Author : Aaron Henderson

“It’s going to be a kick-ass weekend,” Gus thought to himself as he maneuvered the ratchet and claw, carefully removing a panel from the dusty robot that lay a few feet in front of his maintenance pod. He was looking forward to watching not one but two great games and spending some quality time with the wife.

He was about to finish up the last procedure in his monthly check on Spirit and Opportunity, those two Mars-roving robots that seemed to live forever. Usually he just had to knock loose some of that coarse Martian sand from their servos, or give their batteries a little more juice. Most of the time he didn’t even need to leave the relative comfort of the pod. Today was going to be a little different, as he could see by the caked-on dirt on the inside of the panel.

Those NASA boys had pushed Spirit a little harder than usual this week, and some of that red grit had collected in the rover’s main arm control unit. Gus let out a heavy sigh as he grabbed his helmet and outer boots. He shook his head as he sealed his suit and picked up his toolbox. “Delay of game!” he shouted and chuckled to himself, stepping onto the Martian surface for the first time in several months.

Gus cocked his head as he approached the robot, planning his repair and dreading the tight spaces he’d have to tackle. He had nothing but respect for the guys who designed and built the tough little rovers, but they sure didn’t leave much room in ’em for a grease monkey to turn a wrench or solder up an abraded power line.

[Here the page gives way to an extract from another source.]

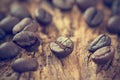 Vintage color tone, coffee beans on the old wooden Royalty Free Stock Photo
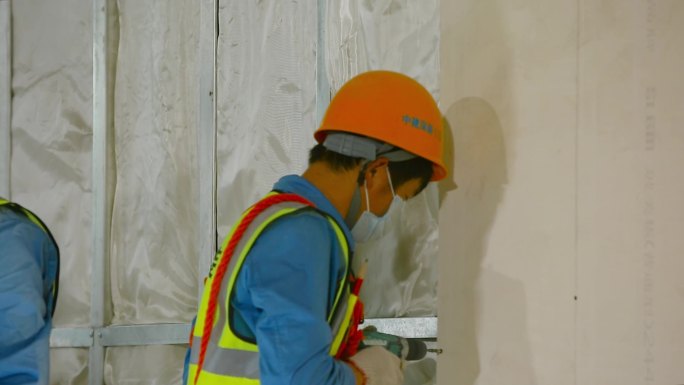 新型冠状病毒肺炎期间，工人戴口罩安装隔墙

He dismantled the control unit as much as he dared and started cleaning it out with a microvacuum. There was no maintenance manual for these things, and if he screwed something up he was about 78 million kilometers from the manufacturer. He could fabricate almost any part he needed back at the shop, but he was entrusted to preserve as much of the original equipment as possible for the sake of history.

He was in luck: the dust hadn’t bound up the servo unit yet. Gus put down the microvacuum and pulled out his finest brush, then cleared the visible dust from around the servo. He gently put the control unit back together and sealed it in its compartment on the rover. After a quick diagnostic check on the robot, he climbed back into his pod and took off his boots and helmet.

When he arrived at home, Jan had the main viewscreen tuned to Spirit’s main camera. “Spying on me again, darling wife?” he asked jokingly. Jan was the mission coordinator for preserving the two rovers, and she watched with interest any time they were being worked on. “It’s always nice to see a professional at work,” she replied. He kissed her cheek on his way through the kitchen to the family room. Gus had commandeered the couch, kicked off his workboots, and was about to change the channel to something more interesting. “But even professionals sometimes make mistakes,” Jan said.

Gus was confused. The robot worked perfectly. It had passed all the diagnostics… Jan knew the look on his face. “The rover’s fine, dear. Your craftsmanship is not in question at all, but I think you might need to check your toolbox.” She pointed at the main screen. Gus watched as Spirit’s main camera tilted down to reveal his microvaccum laying in the dust next to the rover’s front wheels. “I’m sorry, I didn’t spot it until you landed just now.”

“Oh, no…no, no, no!” He knew what this meant. Gus pleaded, “Can’t it wait until tomorrow?”

“The Earthlings are already starting to wonder why those two rovers have lasted this long. They need to discover life on other planets, but we’d rather not have them do it by finding your misplaced gadgets. If you hurry you can be there and back before the game starts,” Jan said firmly.

“I’m tempted to put a certain bacteria-laden present in their sample scoop!” Gus grumbled as he put his boots back on.

“Well that would certainly be a discovery,” Jan chuckled. Gus kissed her on the cheek as he headed out the door.